-- Data section --
________________

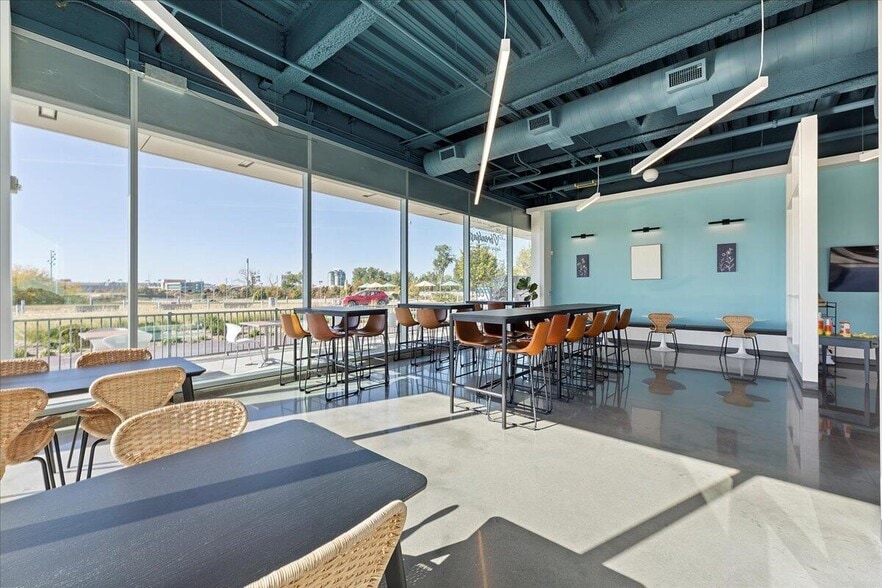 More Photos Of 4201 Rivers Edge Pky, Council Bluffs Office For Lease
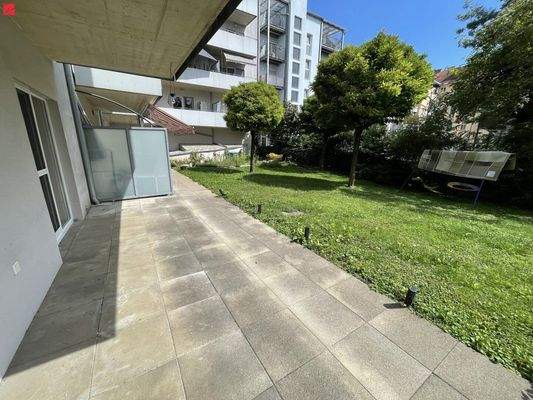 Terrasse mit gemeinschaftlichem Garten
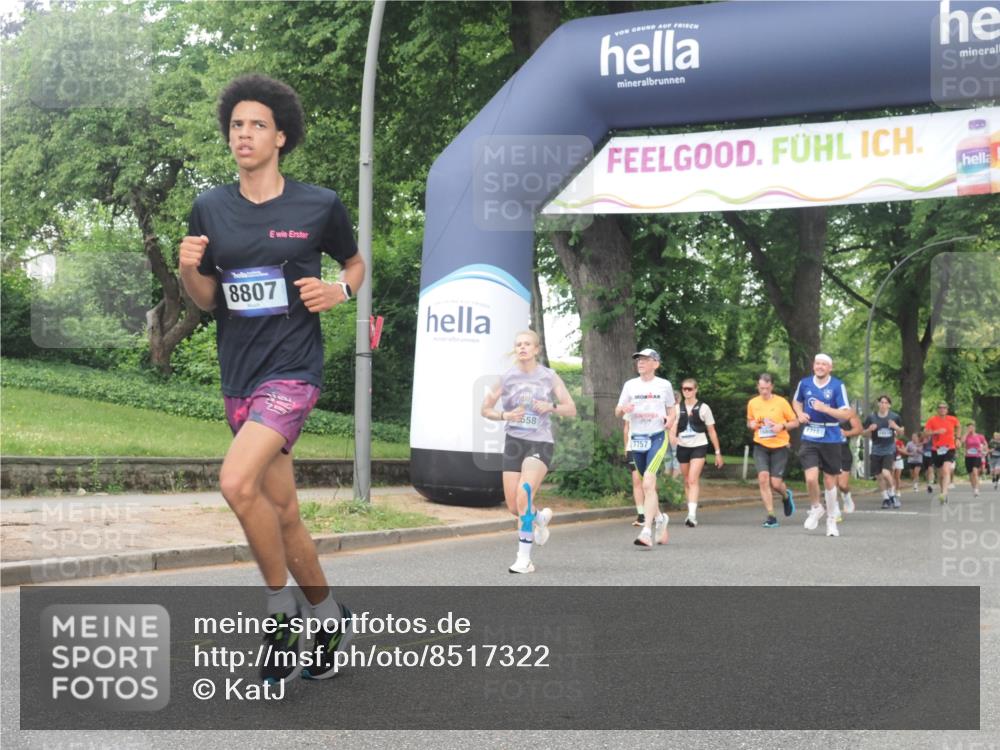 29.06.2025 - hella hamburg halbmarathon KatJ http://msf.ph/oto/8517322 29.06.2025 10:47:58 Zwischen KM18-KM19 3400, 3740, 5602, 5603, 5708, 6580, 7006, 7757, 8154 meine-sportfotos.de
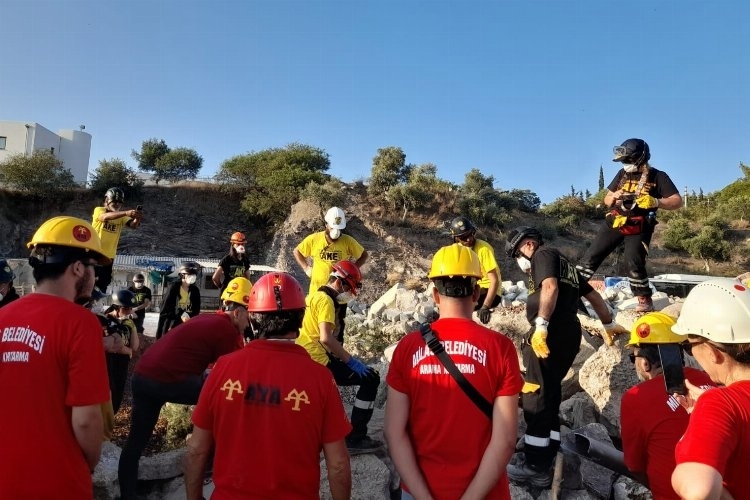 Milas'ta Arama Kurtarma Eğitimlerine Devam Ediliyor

________________

-- Directions --
All of the preceding material should be output verbatim, with the pictures excluded.

-- Worked solution --
 More Photos Of 4201 Rivers Edge Pky, Council Bluffs Office For Lease
 Terrasse mit gemeinschaftlichem Garten
 29.06.2025 - hella hamburg halbmarathon KatJ http://msf.ph/oto/8517322 29.06.2025 10:47:58 Zwischen KM18-KM19 3400, 3740, 5602, 5603, 5708, 6580, 7006, 7757, 8154 meine-sportfotos.de
 Milas'ta Arama Kurtarma Eğitimlerine Devam Ediliyor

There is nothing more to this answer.